Rocky Mountain Spotted Fever Medication
- Author: Burke A Cunha, MD; Chief Editor: Michael Stuart Bronze, MD more...
Medication Summary
In adults with Rocky Mountain spotted fever (RMSF), the drug of choice is doxycycline. Chloramphenicol is an alternative, although doxycycline is preferable because tetracyclines have been shown to be associated with a higher survival rate than chloramphenicol.[18] In vitro and in ovo R rickettsii are also susceptible to rifampin.
Doxycycline therapy also treats Lyme disease, ehrlichiosis, and relapsing fever—entities often clinically confused with RMSF.[19] Oral formulations may be used for patients being treated at home or for hospitalized patients who are not vomiting or obtunded.

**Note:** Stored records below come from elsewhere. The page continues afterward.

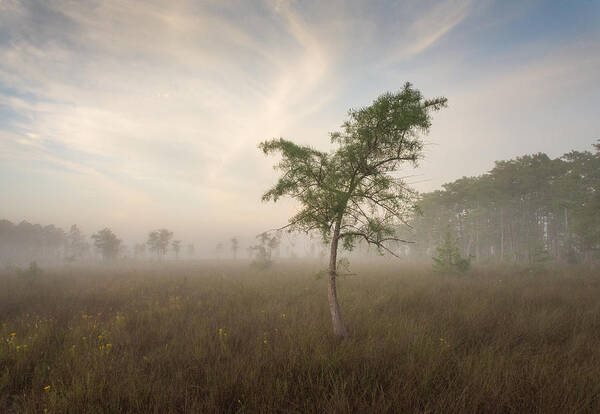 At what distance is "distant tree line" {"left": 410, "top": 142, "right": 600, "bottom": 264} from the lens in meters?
20.9

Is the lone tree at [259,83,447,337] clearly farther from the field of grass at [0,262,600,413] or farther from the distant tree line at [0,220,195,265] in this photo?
the distant tree line at [0,220,195,265]

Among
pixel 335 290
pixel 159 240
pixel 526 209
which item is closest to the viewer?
pixel 335 290

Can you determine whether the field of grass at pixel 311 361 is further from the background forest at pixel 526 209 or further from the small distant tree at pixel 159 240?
the small distant tree at pixel 159 240

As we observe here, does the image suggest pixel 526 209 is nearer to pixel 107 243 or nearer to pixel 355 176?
pixel 355 176

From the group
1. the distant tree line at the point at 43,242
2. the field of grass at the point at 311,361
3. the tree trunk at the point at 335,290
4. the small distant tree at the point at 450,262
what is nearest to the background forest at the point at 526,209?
the small distant tree at the point at 450,262

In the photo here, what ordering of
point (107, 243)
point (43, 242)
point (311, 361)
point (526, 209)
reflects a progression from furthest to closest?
point (43, 242)
point (107, 243)
point (526, 209)
point (311, 361)

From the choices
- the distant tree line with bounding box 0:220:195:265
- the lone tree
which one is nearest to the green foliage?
the lone tree

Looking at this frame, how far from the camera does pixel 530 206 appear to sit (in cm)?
2986

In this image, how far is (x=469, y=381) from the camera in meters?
3.19

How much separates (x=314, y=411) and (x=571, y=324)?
26.2 feet

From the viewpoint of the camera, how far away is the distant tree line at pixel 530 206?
20891mm

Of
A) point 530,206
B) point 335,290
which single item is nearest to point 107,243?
point 335,290

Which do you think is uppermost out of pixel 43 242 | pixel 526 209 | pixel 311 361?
pixel 526 209

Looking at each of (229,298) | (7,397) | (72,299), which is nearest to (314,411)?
(7,397)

Doxycycline is relatively contraindicated in early pregnancy due to its involvement in fetal teeth and bone development and hepatotoxicity.
In 1997, the American Academy of Pediatrics revised treatment options for children with RMSF. Doxycycline became the preferred drug choice for treating children of any age because of the potential for severe or fatal cases.
Short courses of doxycycline to treat RMSF do not cause significant dental staining.[20] Beta-lactam antibiotic coverage does not treat RMSF. Some new quinolones have antirickettsial effects in vitro, but the clinical experience in RMSF is limited.
Topical cycloplegics, such as cyclopentolate 1% (1 gtt bid/tid), reduce discomfort from uveitis. Topical ophthalmic steroids, such as prednisolone acetate 1% (1 drop bid/tid/qid), reduce ocular inflammation. Artificial tears and lubricating ointment may be used as needed or frequently, depending on the amount of discomfort.
Antibiotics
Class Summary
Empiric antimicrobial therapy must be comprehensive and should cover all likely pathogens in the context of the clinical setting.
Doxycycline (Adoxa, Oraxyl , Doryx, Vibramycin)
Doxycycline is the drug of choice for Rocky Mountain spotted fever (RMSF). It inhibits protein synthesis and, consequently, bacterial growth by binding to 30S and possibly 50S ribosomal subunits of susceptible bacteria.
Chloramphenicol
Chloramphenicol is the alternative choice for RMSF in pregnant women and patients allergic to tetracyclines. It binds to 50S bacterial ribosomal subunits and inhibits bacterial growth by inhibiting protein synthesis.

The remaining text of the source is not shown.